Tom Gamboa: My role is two-fold. Physically with the player on the field, my job is to work with the outfielders, baserunning, bunting and kind of supervise or overlook the overall team defense. The fundamentals – the bunt plays, the pickoffs, the cut-off man and relays.
The other half, when Grady Fuson hired me, he wanted the other half to be staff development. The 33 years I have done this, being a manager and coordinator for three different organizations, he wanted to utilize my experience with the young people, like a Doug Dascenzo, in any way I could the managers and coaches – whether it be how to run a game or coaching techniques or anything involved in staff development. Fortunately, a lot of these guys on our staff played for me or against me in the past so I had a rapport with almost every one of them.
It has been a lot of fun for me.
It is like any business. If you want to be a carpenter, you want to be with someone who has made a living at it to eliminate some of the trials and errors you would make on your own. It has been a lot of fun.
What kind of questions do you get. These are some proud guys too, many of whom played in the major leagues.
Tom Gamboa: The difference, and what a lot of people forget, is you take a major league player that has had a 20-year career, your focus has been on yourself. While it is a team game, it is also an individual game within the team game. Once you get into managing, now you are responsible for the 25-man group that you have and how to build a team unity, team chemistry; how to keep the guys motivated who aren't everyday players. There is a lot of little nuances with the game.

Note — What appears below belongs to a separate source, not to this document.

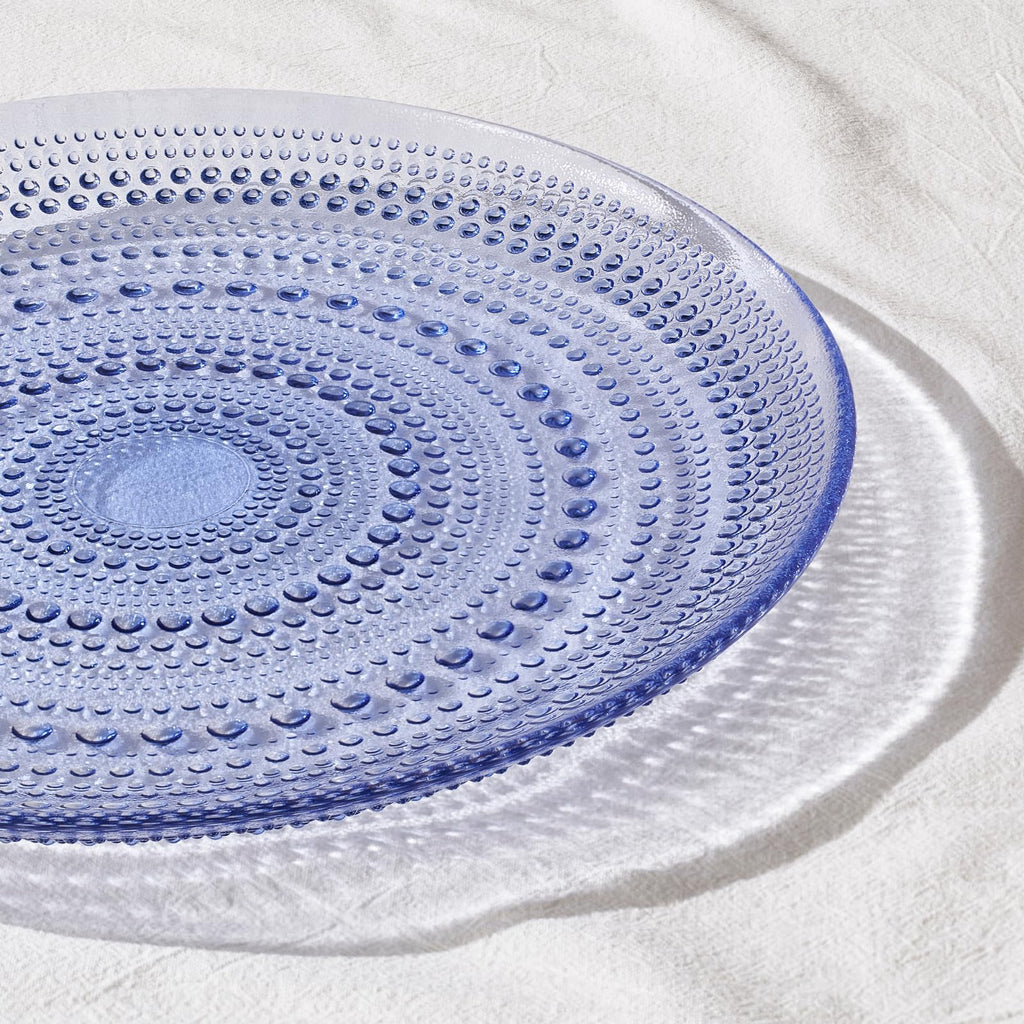 Blue Glass Hobnail Dinner Plates – Set of 4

A perfect example is when I was the coordinator with the Tigers, we hired Chris Chambliss. Here was a guy who was virtually a major league star with a lot of great years with the Yankees and we hired him to manage our Double-A baseball team.
The first game in spring training when Chris was coaching third base, as a minor league manager and part of their job duties, he would send a guy that would get thrown out at the plate and then hold a guy up only to have the outfielder bobble the ball. I could see he needed help. And to his credit, before I offered it, he came to me knowing I had been doing this for a long time. He said, ‘I am having a heck of a job coaching third base.'
Even though he ran the bases for 18 years in the big leagues…I said, ‘Chris, you are doing something you have never done before.' What you see happen to a lot of people is they forget to anticipate that on a batted ball the first thing they need to do is get out of that coaching box and work their way down towards home plate to give the play more time to develop and then they can use their instincts. I said, ‘Chris, standing even with the base, at the time you are having to make the call it is like flipping a coin and hoping it comes up heads.' Right away he understood and immediately he got better.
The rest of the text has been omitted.